§ **DIRECTIONS**
Your job is to print, exactly, the lines in the data below from the line with "Oliver Twist (İngilizce Kitap)" through the line with "CracWoW K8 No.9 Apartment", both included, and to omit any picture.

[Start of section]

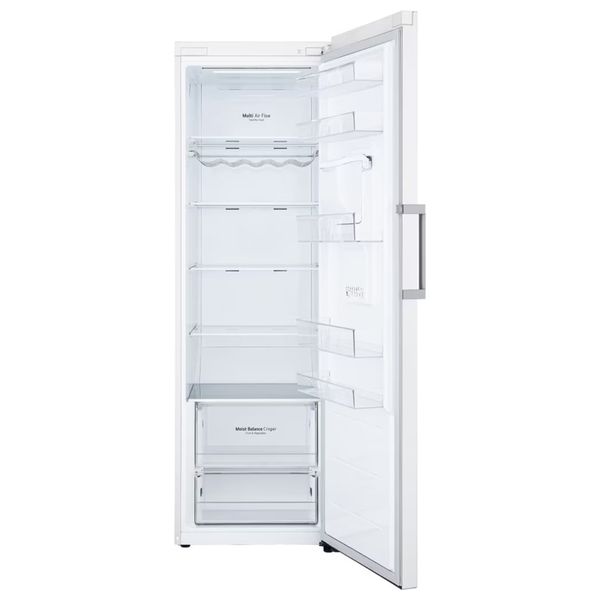  LG GC-F511EQDM - 14ft - 1-Door Refrigerator - White 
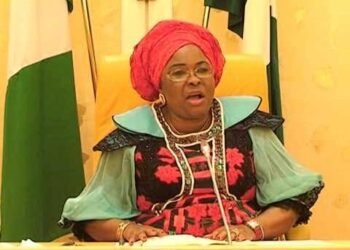 Patience Jonathan: I Mentored Azikel Boss Eruani to Success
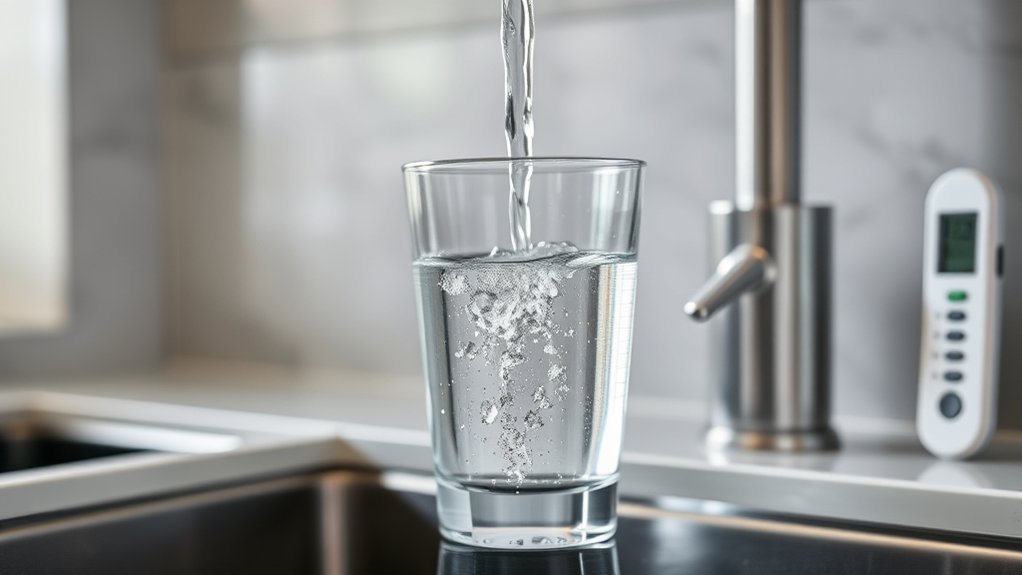 faucet water contaminants risk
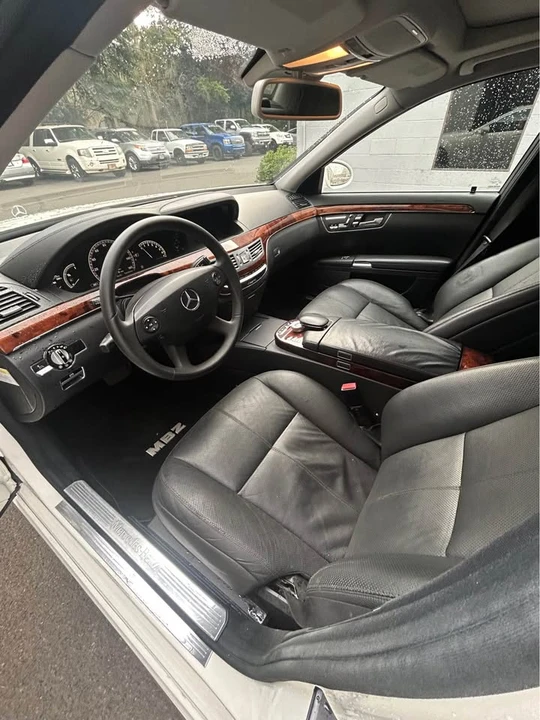 2008 Mercedes-Benz W221 S-Class - Image 11 of 11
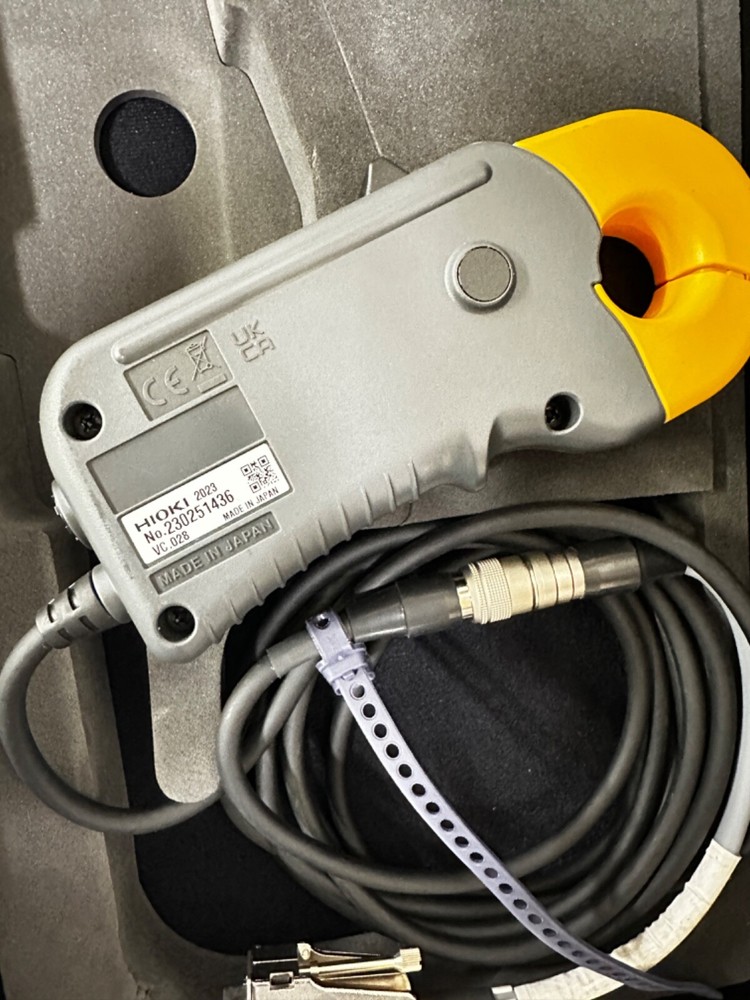 HIOKI CT6844A 500A Current probe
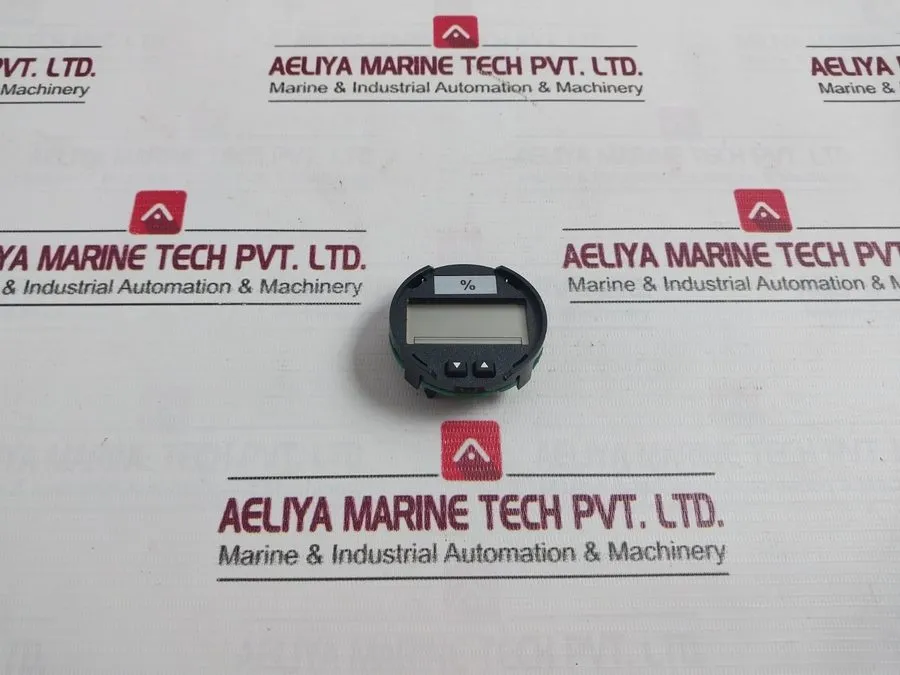 Датчик давления ROSEMOUNT PWB 01151-1310-2 Pressure Transmitter Display Unit
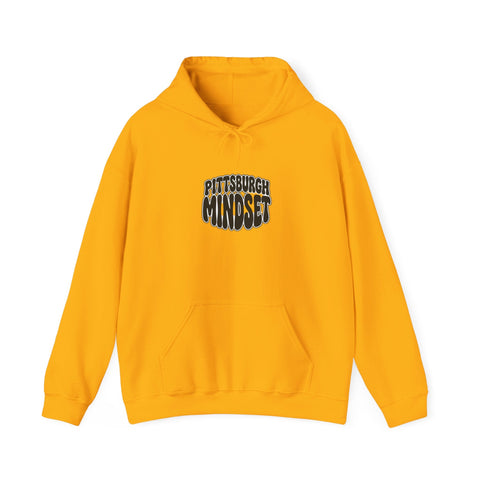 Pittsburgh Mindset Hoodie Hoodie - YinzerShop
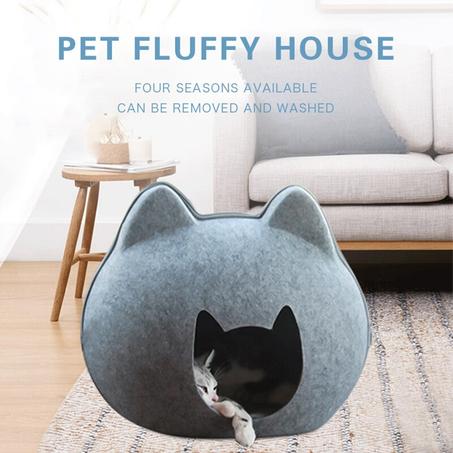 Pet Fluffy House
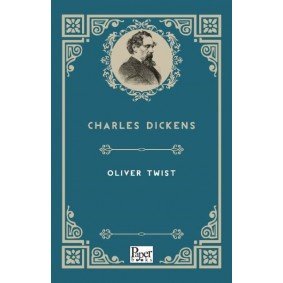 Oliver Twist (İngilizce Kitap)
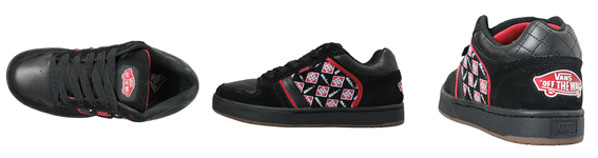 Vans Metcalfe x Fitbikeco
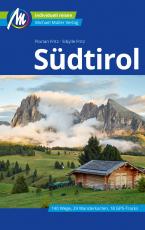 Cover-Bild Südtirol Reiseführer Michael Müller Verlag
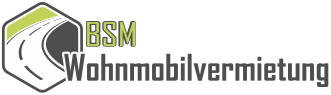 BSM Wohnmobilvermietung Logo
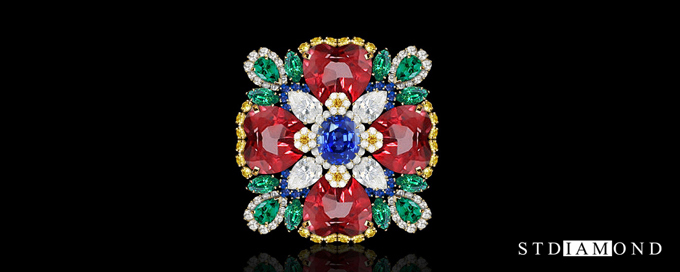 Ювелирные украшения STDIAMOND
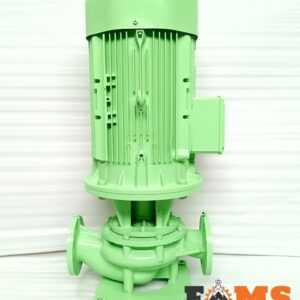 STANDART ECO SNL 80-200 WATER PUMP CAPACITY- 72 m³/h HEAD- 70M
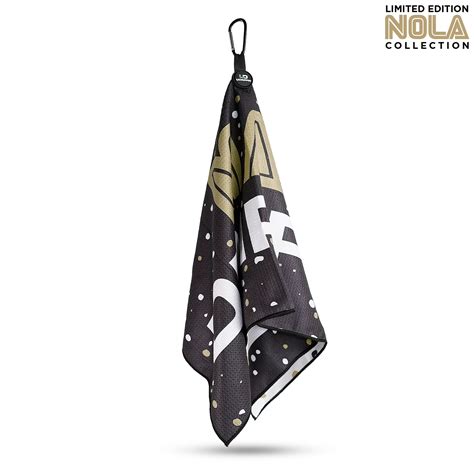 Limited Edition NOLA Mad Drops X UDrippin Magnetic Microfiber Towel ...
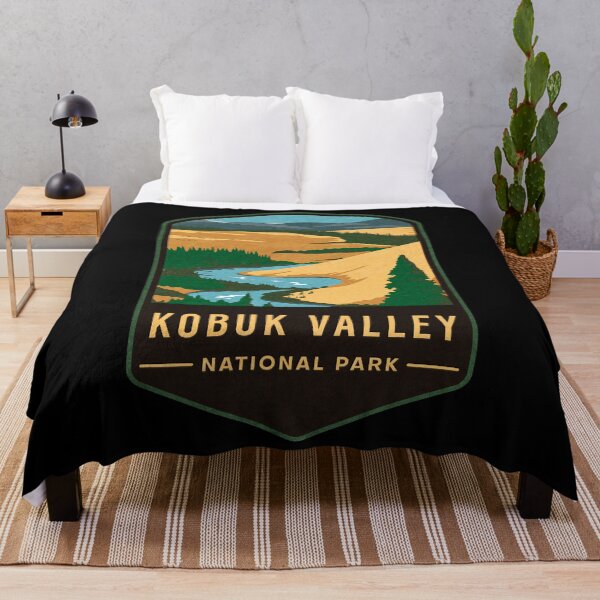 Item preview, Kobuk Valley National Park designed and sold by JordanHolmes.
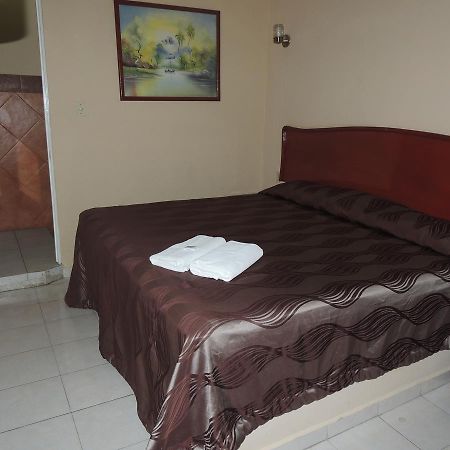 Hacienda Canada Rica 2 Hotel Ciudad Madero Eksteriør billede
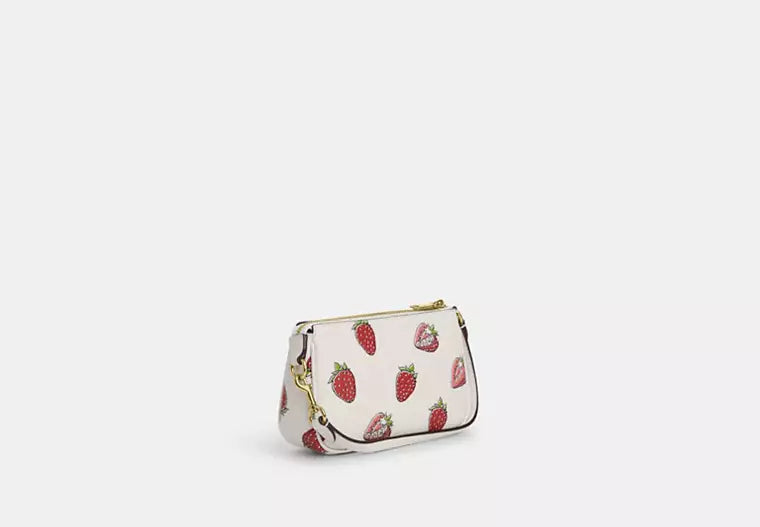 Nolita 19 with Strawberry Print Shoulder Bag — view 2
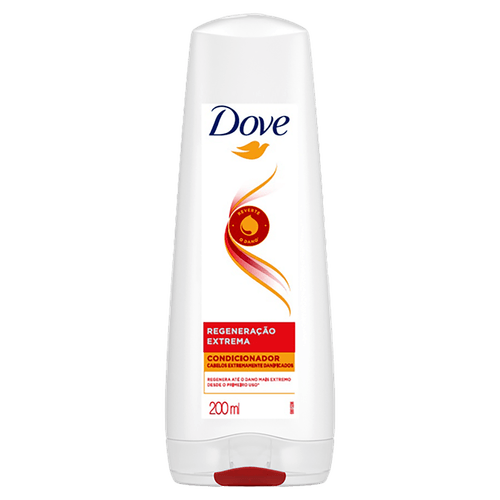 Condicionador Dove Recup Extrema 200Ml - Dove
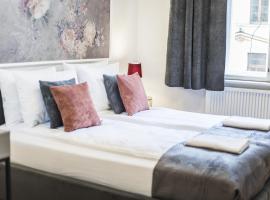 CracWoW K8 No.9 Apartment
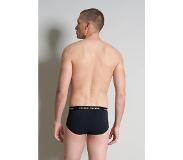 Ceceba New Classics heren slip met gulp (2-pack) - zwart - Maat 4XL
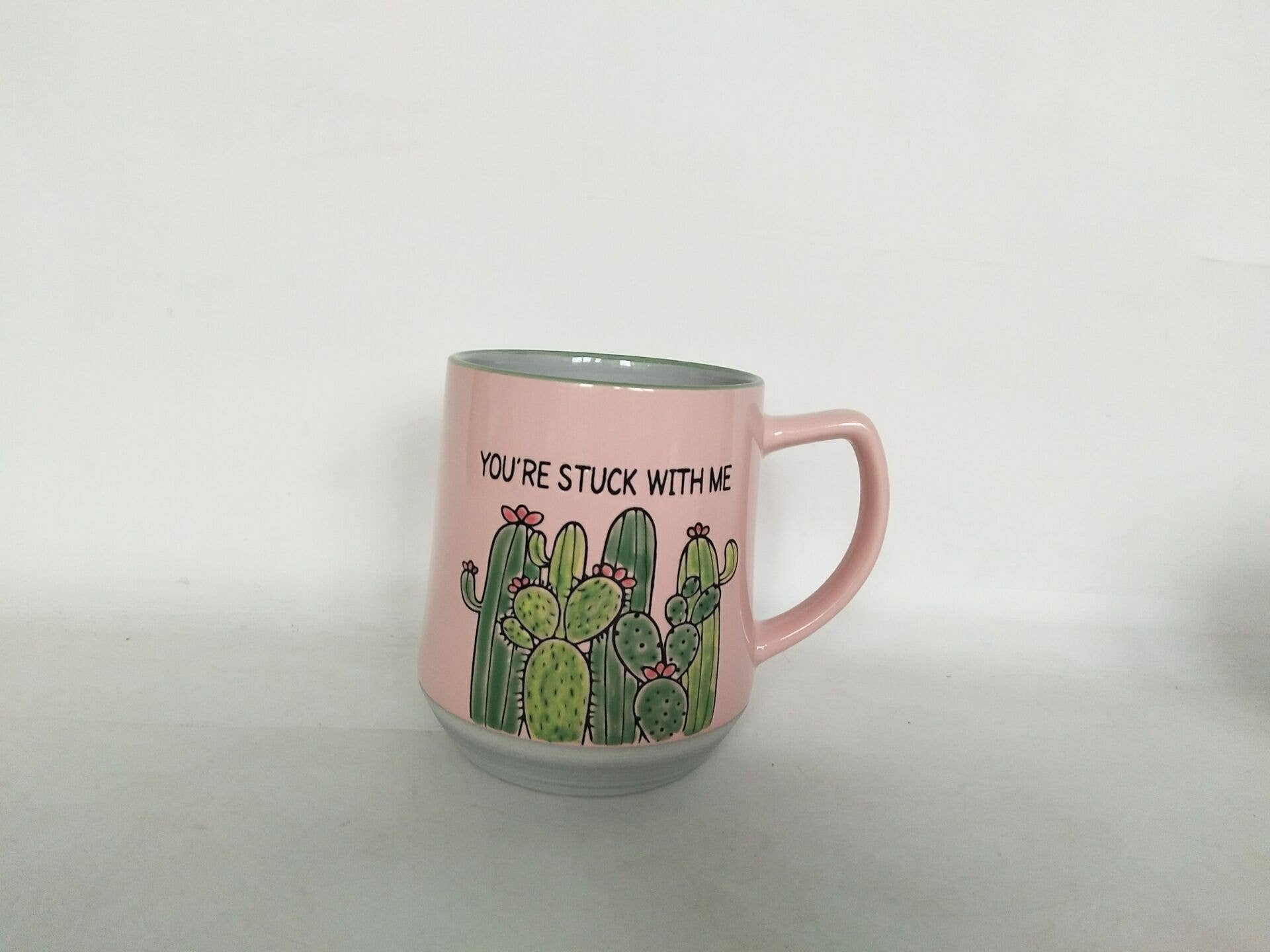 You'Re Stuck With Me 18Oz Mug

[End of section]

§ **THE COMPLETED TASK**
 Oliver Twist (İngilizce Kitap)
 Vans Metcalfe x Fitbikeco
 Cover-Bild Südtirol Reiseführer Michael Müller Verlag
 BSM Wohnmobilvermietung Logo
 Ювелирные украшения STDIAMOND
 STANDART ECO SNL 80-200 WATER PUMP CAPACITY- 72 m³/h HEAD- 70M
 Limited Edition NOLA Mad Drops X UDrippin Magnetic Microfiber Towel ...
 Item preview, Kobuk Valley National Park designed and sold by JordanHolmes.
 Hacienda Canada Rica 2 Hotel Ciudad Madero Eksteriør billede
 Nolita 19 with Strawberry Print Shoulder Bag — view 2
 Condicionador Dove Recup Extrema 200Ml - Dove
 CracWoW K8 No.9 Apartment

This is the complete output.